Does anyone have experience with Windows Processor Groups? I'm pondering getting a 64-core hyperthreaded (128 threads) machine to speed compute-bound OpenMP program which will happily use all the threads it can get its little hands on. Are there ways to get more than 64 threads assigned to a process in WIn 7 or 10? Are there any impediments to just running two instances of the code, one each in each of the processor groups? Memory contention issues?
I bought the 128-thread machine with Windows workstation. As expected, it breaks up the threads into two 64 thread processor groups. If I try to run a second instance of a 50-thread code, Windows tries to jam it into the node it stu8ck the first instance in. Does anyone have experience getting Intel Fortran or OpenMP to span the two nodes? I'm reluctant to try to use affinity & run two instances; for a variety of reasons, I'd rather span the nodes...i.e., Use 120 or so threads assigned to one instance of the program.

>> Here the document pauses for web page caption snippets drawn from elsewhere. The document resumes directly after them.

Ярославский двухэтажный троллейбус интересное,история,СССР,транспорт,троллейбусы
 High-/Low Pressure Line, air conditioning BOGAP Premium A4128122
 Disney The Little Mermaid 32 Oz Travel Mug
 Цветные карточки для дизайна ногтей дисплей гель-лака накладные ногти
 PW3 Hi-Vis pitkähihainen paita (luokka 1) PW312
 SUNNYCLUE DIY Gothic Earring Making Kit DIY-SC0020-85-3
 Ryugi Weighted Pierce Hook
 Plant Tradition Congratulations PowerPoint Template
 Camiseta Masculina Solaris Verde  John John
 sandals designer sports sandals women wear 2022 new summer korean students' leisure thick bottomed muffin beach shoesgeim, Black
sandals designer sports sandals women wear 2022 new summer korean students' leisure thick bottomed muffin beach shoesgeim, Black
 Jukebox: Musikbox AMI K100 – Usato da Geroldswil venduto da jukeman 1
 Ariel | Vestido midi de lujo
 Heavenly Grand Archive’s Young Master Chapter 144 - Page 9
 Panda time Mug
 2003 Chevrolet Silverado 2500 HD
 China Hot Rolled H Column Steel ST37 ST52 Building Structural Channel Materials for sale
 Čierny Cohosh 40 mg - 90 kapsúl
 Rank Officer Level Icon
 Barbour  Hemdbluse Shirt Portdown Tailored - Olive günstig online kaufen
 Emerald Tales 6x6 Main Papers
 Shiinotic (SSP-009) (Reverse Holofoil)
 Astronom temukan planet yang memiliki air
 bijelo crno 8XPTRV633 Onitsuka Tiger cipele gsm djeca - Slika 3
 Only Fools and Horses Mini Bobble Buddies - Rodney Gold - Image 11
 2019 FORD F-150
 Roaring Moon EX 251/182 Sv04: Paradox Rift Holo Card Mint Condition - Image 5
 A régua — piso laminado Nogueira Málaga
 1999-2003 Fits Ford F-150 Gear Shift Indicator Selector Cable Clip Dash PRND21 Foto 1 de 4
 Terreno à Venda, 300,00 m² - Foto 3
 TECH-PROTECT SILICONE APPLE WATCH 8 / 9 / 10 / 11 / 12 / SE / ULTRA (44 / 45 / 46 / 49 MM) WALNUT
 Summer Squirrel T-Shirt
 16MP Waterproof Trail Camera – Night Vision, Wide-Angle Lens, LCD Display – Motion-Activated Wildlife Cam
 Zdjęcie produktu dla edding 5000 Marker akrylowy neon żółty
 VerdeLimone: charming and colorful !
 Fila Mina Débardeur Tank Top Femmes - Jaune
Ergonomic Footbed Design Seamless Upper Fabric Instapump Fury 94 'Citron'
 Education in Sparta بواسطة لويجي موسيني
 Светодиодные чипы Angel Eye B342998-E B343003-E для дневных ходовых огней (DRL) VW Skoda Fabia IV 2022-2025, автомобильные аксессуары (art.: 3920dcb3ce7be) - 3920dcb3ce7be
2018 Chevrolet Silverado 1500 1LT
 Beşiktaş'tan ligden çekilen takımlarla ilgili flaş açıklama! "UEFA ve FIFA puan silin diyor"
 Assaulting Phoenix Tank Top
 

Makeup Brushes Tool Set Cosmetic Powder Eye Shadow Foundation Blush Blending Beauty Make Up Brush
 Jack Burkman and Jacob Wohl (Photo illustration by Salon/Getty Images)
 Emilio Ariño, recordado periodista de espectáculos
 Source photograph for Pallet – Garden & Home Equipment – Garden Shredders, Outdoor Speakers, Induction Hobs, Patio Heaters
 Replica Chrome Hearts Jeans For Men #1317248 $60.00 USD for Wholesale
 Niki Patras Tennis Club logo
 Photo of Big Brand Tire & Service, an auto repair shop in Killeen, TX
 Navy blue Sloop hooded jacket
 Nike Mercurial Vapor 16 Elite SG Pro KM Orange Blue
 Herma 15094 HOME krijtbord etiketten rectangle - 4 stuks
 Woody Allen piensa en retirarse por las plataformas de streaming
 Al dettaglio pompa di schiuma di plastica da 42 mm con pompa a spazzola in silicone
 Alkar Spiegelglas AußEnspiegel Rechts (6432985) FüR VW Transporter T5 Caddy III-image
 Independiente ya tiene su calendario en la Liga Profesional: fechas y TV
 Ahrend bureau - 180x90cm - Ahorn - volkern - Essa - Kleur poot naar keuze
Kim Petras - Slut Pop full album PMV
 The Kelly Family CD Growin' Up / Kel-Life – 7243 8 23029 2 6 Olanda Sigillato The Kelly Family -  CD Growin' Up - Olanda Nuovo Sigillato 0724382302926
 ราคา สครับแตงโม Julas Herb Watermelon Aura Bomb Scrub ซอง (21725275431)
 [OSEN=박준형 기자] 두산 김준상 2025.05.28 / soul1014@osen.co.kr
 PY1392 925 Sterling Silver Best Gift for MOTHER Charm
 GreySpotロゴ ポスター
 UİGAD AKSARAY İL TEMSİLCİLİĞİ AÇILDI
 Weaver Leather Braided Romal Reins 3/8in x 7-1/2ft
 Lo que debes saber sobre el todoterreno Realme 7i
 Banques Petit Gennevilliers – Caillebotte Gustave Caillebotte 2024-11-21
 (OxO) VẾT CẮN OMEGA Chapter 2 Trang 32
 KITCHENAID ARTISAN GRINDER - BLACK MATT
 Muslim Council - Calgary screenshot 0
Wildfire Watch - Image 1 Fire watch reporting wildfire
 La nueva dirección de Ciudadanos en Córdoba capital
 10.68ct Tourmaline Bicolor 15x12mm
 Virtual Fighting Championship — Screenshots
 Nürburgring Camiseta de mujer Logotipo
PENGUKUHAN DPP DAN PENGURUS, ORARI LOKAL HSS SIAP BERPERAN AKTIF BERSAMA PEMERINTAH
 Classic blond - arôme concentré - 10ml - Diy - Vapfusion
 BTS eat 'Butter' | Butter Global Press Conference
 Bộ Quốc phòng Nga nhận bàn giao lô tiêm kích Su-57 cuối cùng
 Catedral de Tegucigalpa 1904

Open to ideas or experience with this problem.
Hi Bruce, I've acces to not more than 16 threads (8 physical cores), but I experienced that Windows OS maps by default (e.g. for the Intel Linpack, which comes with the compiler) all threads to the lowest logical core names, so that e.g. 8 threads run on only the first 4 physical cores. If you define kmp_affinity=scatter (e.g. in batch file
set KMP_AFFINITY=nowarnings,scatter,1,0,granularity=fine), the threads are distributed to the physical cores first. I'm no expert in these things, maybe Jim Dempsey can give better advice and explanation.
I read somewhere that Windows 10 OS behaves differently over the realeases ragarding processor groups. Most recent versions (e.g. 2004) might do a better job in scheduling. (GNU/Linux with recent kernels seems to work better with higher core count.)
Anyways, maybe the Linpack is a good thing to start to play around with kmp_affinity and maybe other needed switches (C:\Program Files (x86)\IntelSWTools\compilers_and_libraries_2020.2.254\windows\mkl\benchmarks\linpack).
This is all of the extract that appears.